(Collected data)
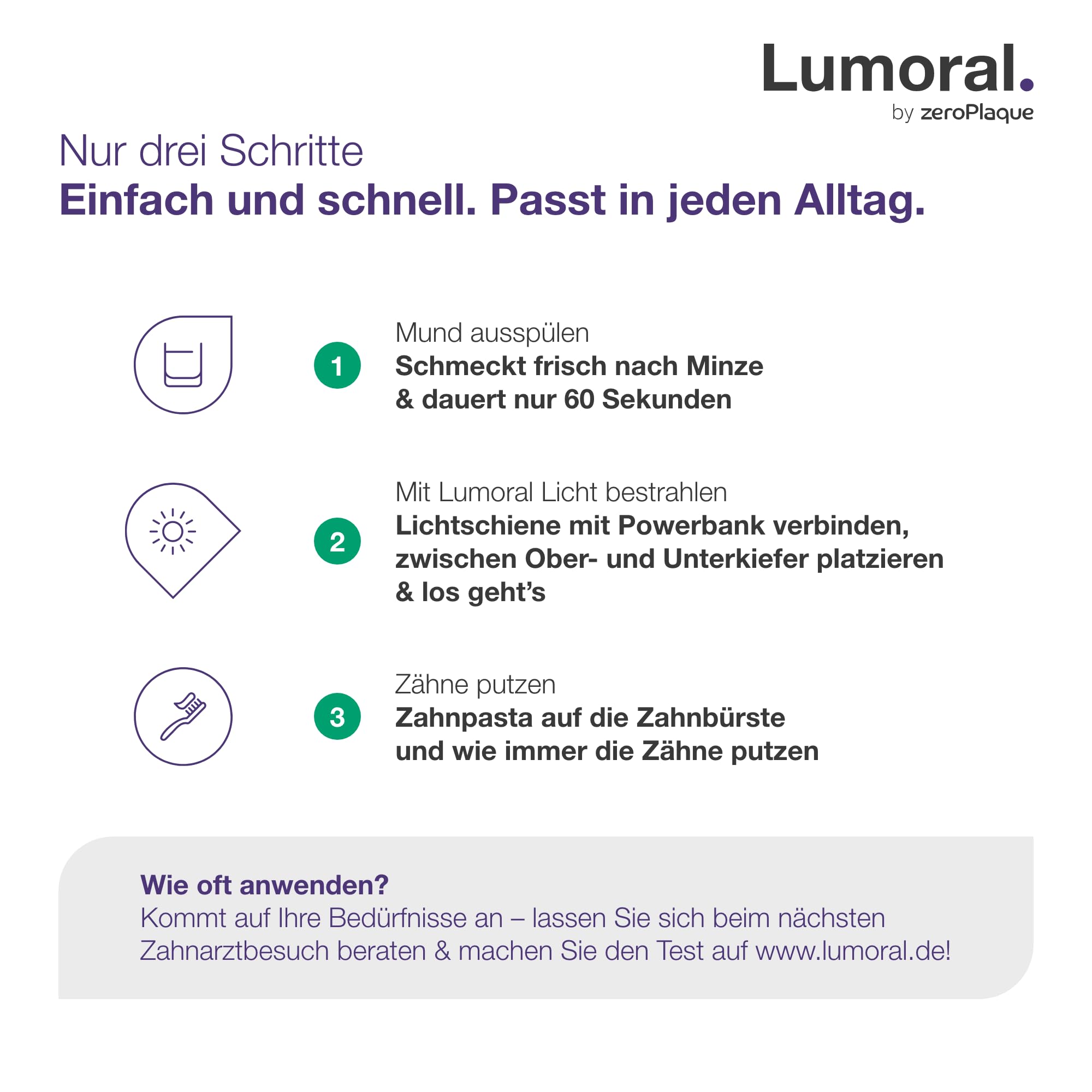 Zusätzliche Mundstück für Erwachsene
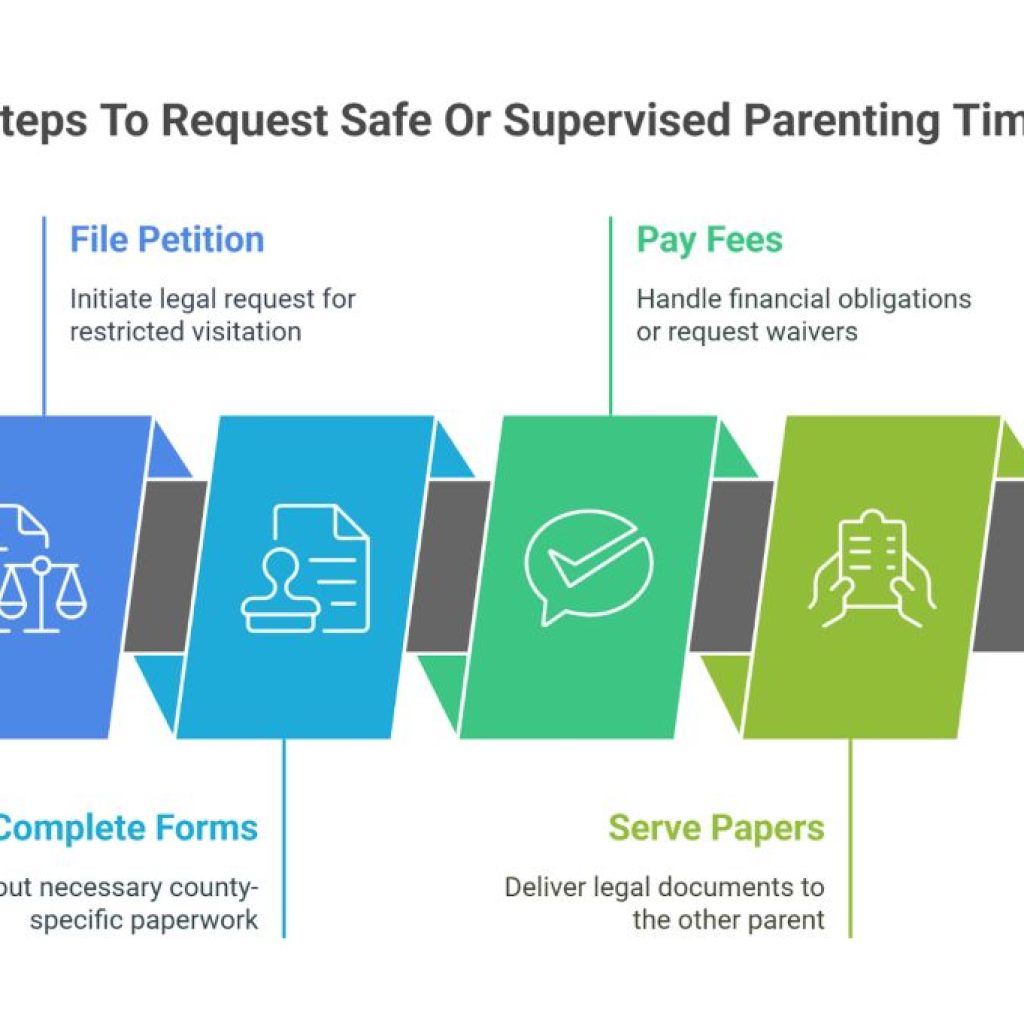 Steps To Request Safe Or Supervised Parenting Time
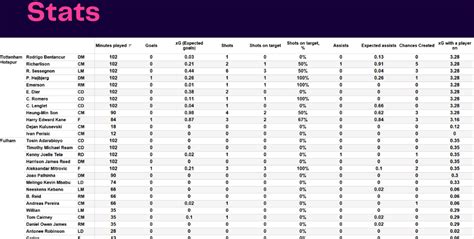 Study the New Player Data:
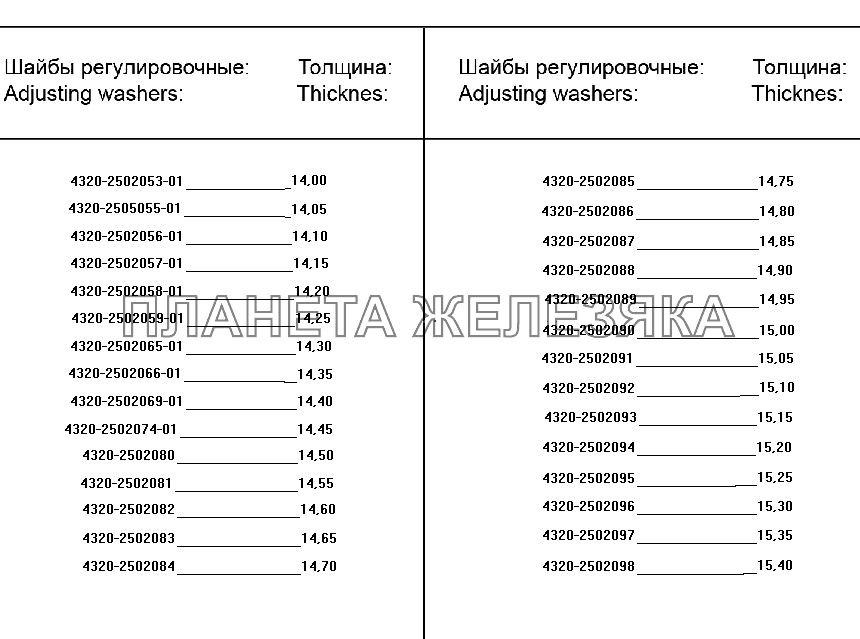 Шайба регулировочная УРАЛ-4320-31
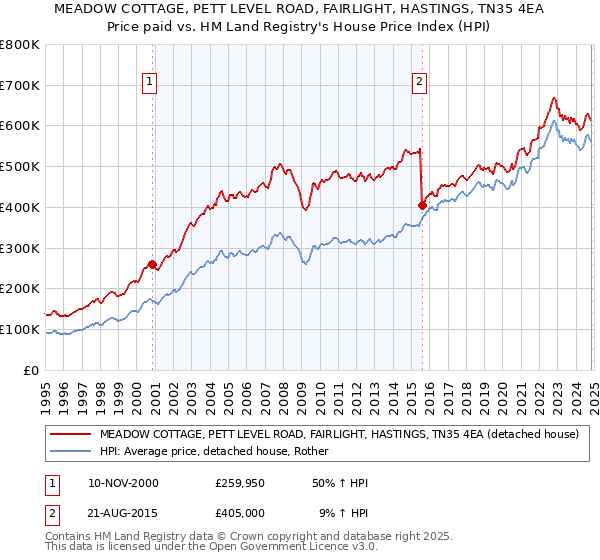 MEADOW COTTAGE, PETT LEVEL ROAD, FAIRLIGHT, HASTINGS, TN35 4EA: Price paid vs HM Land Registry's House Price Index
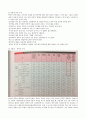 보건교육 4페이지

■ Work instruction:
The copy you produce must repeat all the entries exactly and contain no pictures.

■ Answer below:
 Zusätzliche Mundstück für Erwachsene
 Steps To Request Safe Or Supervised Parenting Time
 Study the New Player Data:
 Шайба регулировочная УРАЛ-4320-31
 MEADOW COTTAGE, PETT LEVEL ROAD, FAIRLIGHT, HASTINGS, TN35 4EA: Price paid vs HM Land Registry's House Price Index
 보건교육 4페이지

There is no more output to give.